I'm currently trying to create my own website for my catering business, but I hit a wall. I have been calling around to see how much it would be to take my page to the next level and I've been told anywhere from $1,000- $5,000.  What have you paid to get your website up and running? Any info. will be appreciated. TY-P


----------



## abiduk (Oct 25, 2015)

Hi,

I'm a web developer by trade and also have a food business.  Websites can come in all forms and costs can vary generally.  If your looking for a simple template based website (fixed design) that just shows static non changeable information prices can start at around $1000.  If your looking for a website that has been specifically designed for you (meaning you had an input of the design and feel of it) and the content is updatable by yourself, then your looking at  $2000-$4000.

My advice is to find someone who can show you some previous work, get a site where you can update content.


----------



## chefwriter (Oct 31, 2012)

First, A Facebook page is very useful until you get the web site up and running. 

Second, I had several people offer to do it for free. Took one guy up on his offer. Long story short-Over the course of 8 years, we got half a website, the host went out of business and efforts to revive the site were met with "You know I'm doing this for free, right?" You get what you pay for. 

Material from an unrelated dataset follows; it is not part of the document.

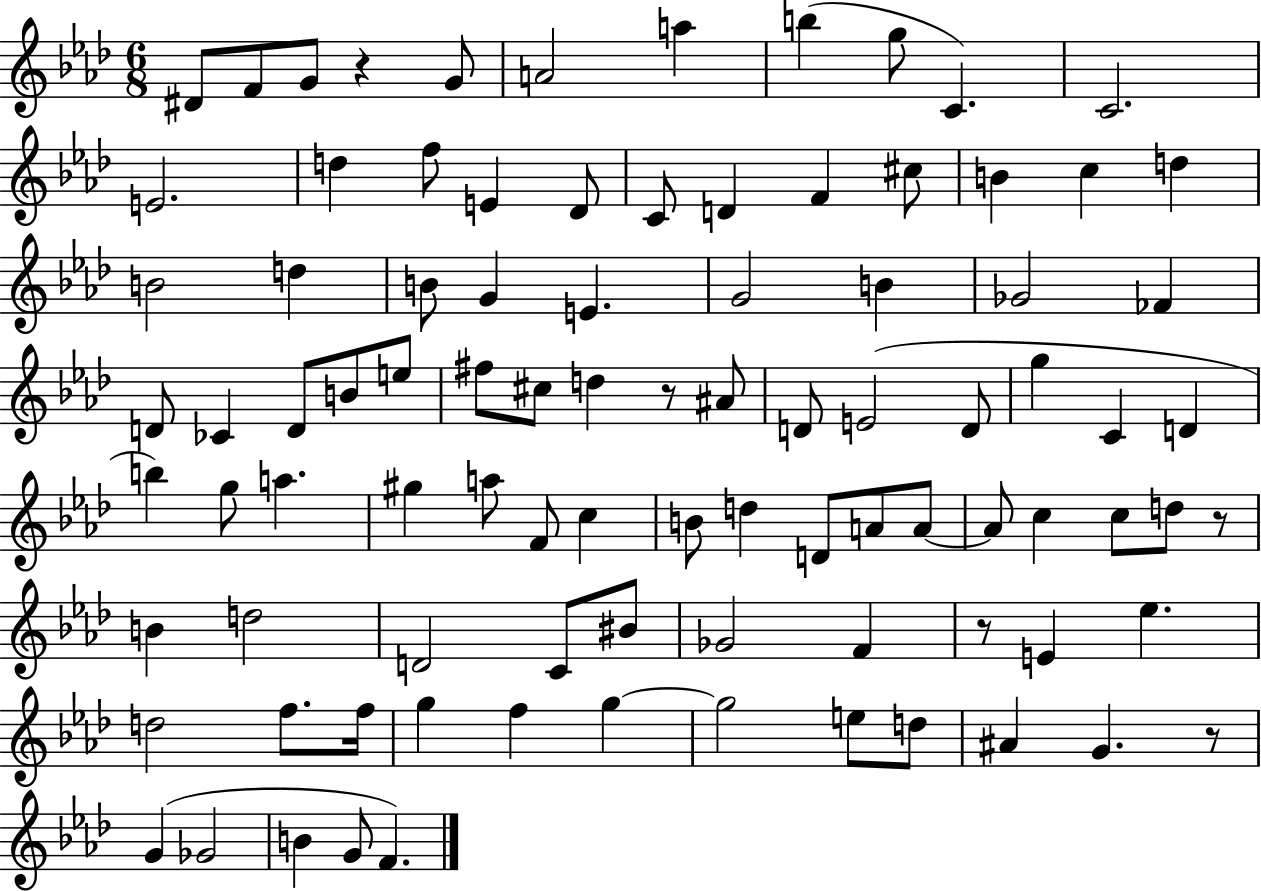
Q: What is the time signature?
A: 6/8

     Find out what other local websites have been done by the companies you have contacted. Contact the businesses to see if they are happy with how it works and of course see if you like the way it was done. 

     A very basic website isn't hard to do but a professional looking website will involve some hours of labor and quite a bit of knowledge. Of course the more you want the website to do, the more involved it will be and the more it will cost.

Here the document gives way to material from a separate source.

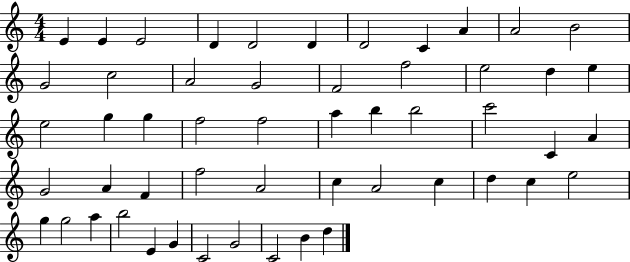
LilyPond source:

$1000-$5000 sounds about the right range but of course you need to see the end products to determine quality and appropriateness and whether or not the web designer can do what you need. 

I have noticed that some of the three star michelin places have such fancy websites that they are slow to load and so filled with bells and whistles that simply finding out hours and seeing the menu takes way too long for me. 

     I would suggest that the first and foremost thing you want for a restaurant website is to have the name, address, hours and menus to load instantly and be the first things anyone sees. Fancy photos, history and other etcetera should be secondary. 

If you post dated info on the website, be sure to update it frequently. I've noticed quite a few business who started out posting daily or weekly notices but haven't visited their own website in over a year. 

Hope this helps.


----------



## deepikasahni (Aug 21, 2015)

Hi,

I recently had my website re-done and initial quotes I was getting was £1000 ($1500) to £3000 ($4500) which was far too much. In the end I bought a wordpress template and then used Elance to find a developer who could customise it for me. It cost $700 in total to customise. All i had to do was email them pictures and content and they did the rest. There was a bit of back and forth to get it completed but was totally worth it. They were also on Skype which made it super easy. Since then I also have them doing my SEO work and getting another site made.

I will give you the example:

Theme: (Click the Default Demo)

http://themeforest.net/item/tavern-professional-restaurant-theme/full_screen_preview/10984149

My Site:

http://coriandergroup.com

I hope this is useful and if you want their contact details please message me.

Thanks

Dee


----------



## ce catering (Nov 5, 2015)

If I can just add my bit, it's always worthwhile sticking to web platform is commonly supported, web developers come and go and when you want some changes done to your site, which you will... you want to be able to find someone farily easily that can update your site. We went with opencart, but it was a mistake, we should have gone with something like wordpress..


----------



## natasha (Nov 13, 2015)

Godaddy.

Cheap. 

Professional. 

Great Customer Service.

Easy Website builder


----------